Results and Discussion: Photo-reactive, peptoid CHPs containing oNB-Gly substitutions at the X position in the GlyXY sequence demonstrated a dramatic shift in melting temperature after exposure to UV light (Figure 1A). UV light cleaves the oNB group, converting N-oNB-Gly to Gly which destabilizes the triple helix, resulting in spontaneous unfolding of the CHP, as evidenced by a drastic drop in Tm measured by CD. In a fluorescent binding assay, photo-unfolded CHPs had decreased binding to gelatin and faster release from gelatin monolayers than those not exposed to UV light (Figure 1B). This represents a novel way to induce triple helical unfolding and release of CHP from denatured collagen which could be explored for triggered destruction of nanoscale assemblies based on triple helical folding or delivery of therapeutic CHP derivatives.
Dimeric CHPs refold much faster and have higher binding affinity to gelatin than monomeric CHPs. In SPR, dimeric CHPs immobilized to a sensor chip trapped a larger amount of gelatin from solution than monomeric CHPs at physiologic temperature (Figure 2A). CHP affinity to denatured collagen is typically proportional to the number of GPO repeats and melting point. However, in a fluorescent binding assay, dimeric (GPO)6 had a similar affinity to gelatin as monomeric and dimeric (GPO)9 even with fewer repeats and a lower Tm (Figure 2B). Decreased Tm allows dimeric (GPO)6 to bind denatured collagen at physiologic temperature without any heat activation, which is one of the major limitations of current CHPs.
Conclusions: We have demonstrated two novel CHP structures that can alleviate limitations of current CHPs. The novel, photo-reactive CHP folds into stable triple helix, but spontaneously unfolds after exposure to UV light. This may enable triggered trelease of CHP derivatives from gelatin scaffolds for applications in drug delivery. It can also be used for spatio-temporal localization of CHP in 3D gelatin scaffolds and triggered assembly and disassembly of CHP-mediated nanoconstructs. We also demonstrated improved folding kinetics and high binding affinity for a dimeric CHP which can hybridize to denatured collagen without preheating. We believe that these new CHP architectures will help the development of new imaging and drug delivery systems for diseases associated with high collagen remodeling activity.

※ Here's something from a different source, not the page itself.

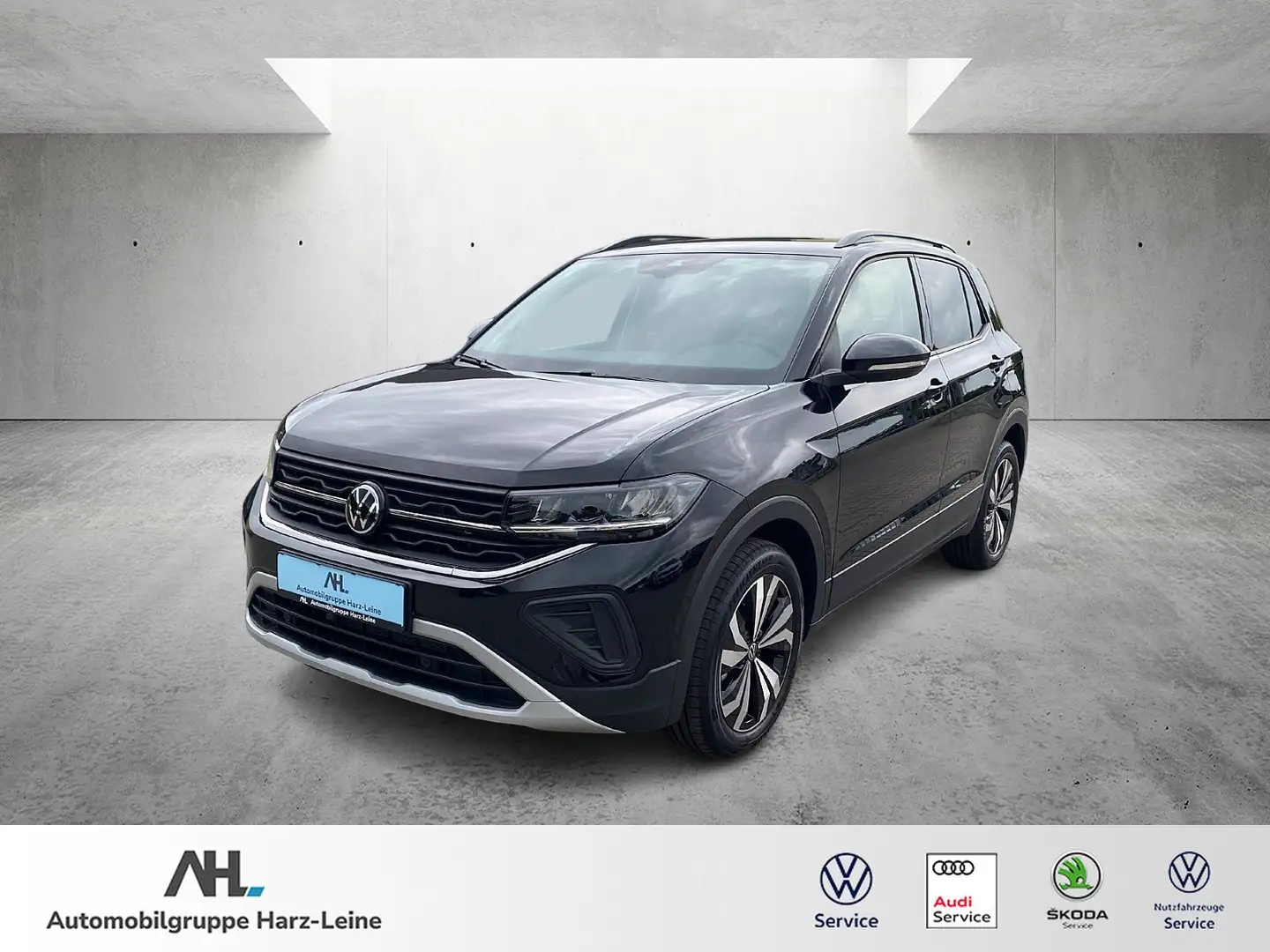Volkswagen T-Cross 1.0 TSI "Life" DSG/RFK/LED/PDC/ACC/AppConnect Schwarz - 1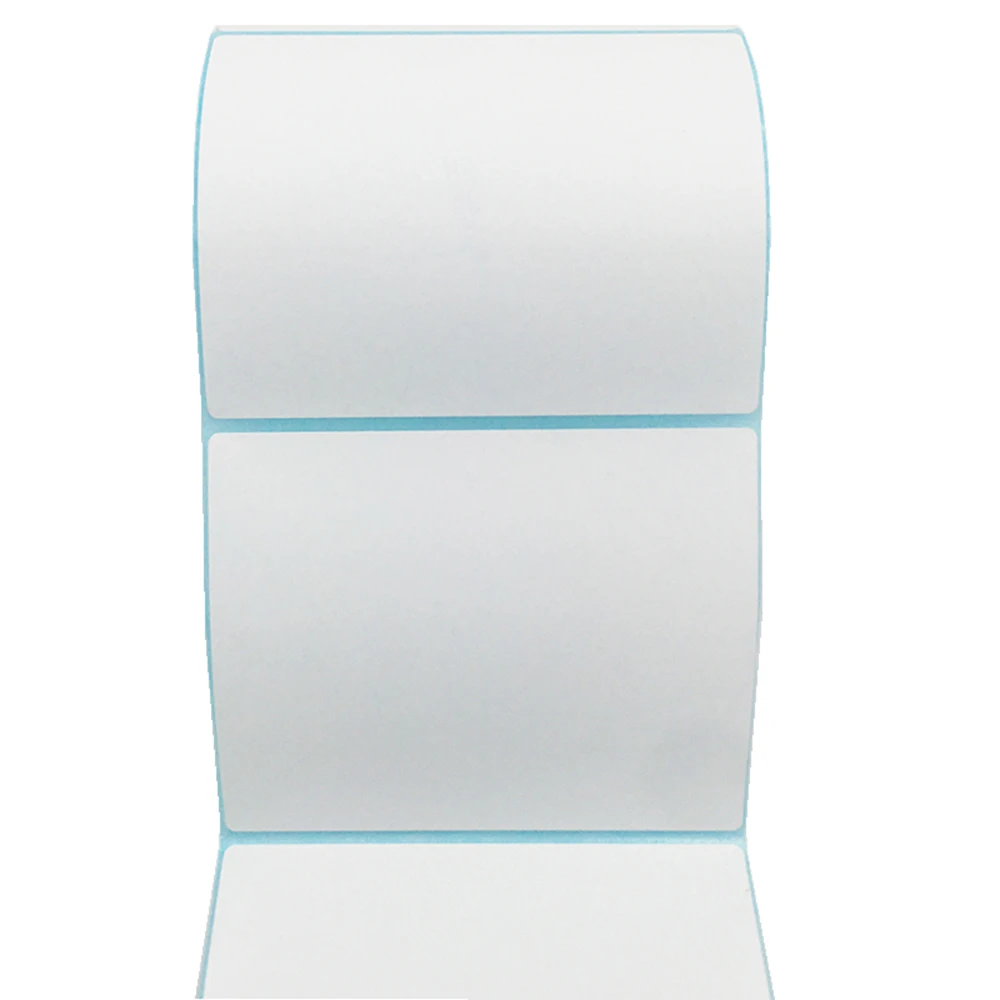 Wide Thermal Label Paper Roll - White Self-Adhesive Stickers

Work was supported by grants from NIAMS/NIH (R01-AR060484 and R21-AR065124) and DOD (W81XWH-12-0555) awarded to S.M.Y. and by the Wayne Brown Fellowship, University of Utah, awarded to J.L.K; We would like to thank the other members of the Yu group, Yang Li, Boi Hoa San, Hendra Wayhudi, Bum Jin Kim, Lucas Bennink, Amanda Reynolds, and Jeongmin Hwang for all of their help and assistance.
References:
[1] Li Y, Ho D, Meng H, et al. Direct detection of collagenous proteins by fluorescently labeled collagen mimetic peptides. Bioconjug Chem. 2013;24(1):9-16.
[2] Feng Y, Melacini G, Goodman M. Collagen-based structures containing the peptoid residue N-isobutylglycine (Nleu): synthesis and biophysical studies of Gly-Nleu-Pro sequences by circular dichroism and optical rotation. Biochemistry. 1997;36(29):8716-8724.
[3] Li Y, Foss C a., Summerfield DD, et al. Targeting collagen strands by photo-triggered triple-helix hybridization. Proc Natl Acad Sci. 2012;109(37):14767-14772.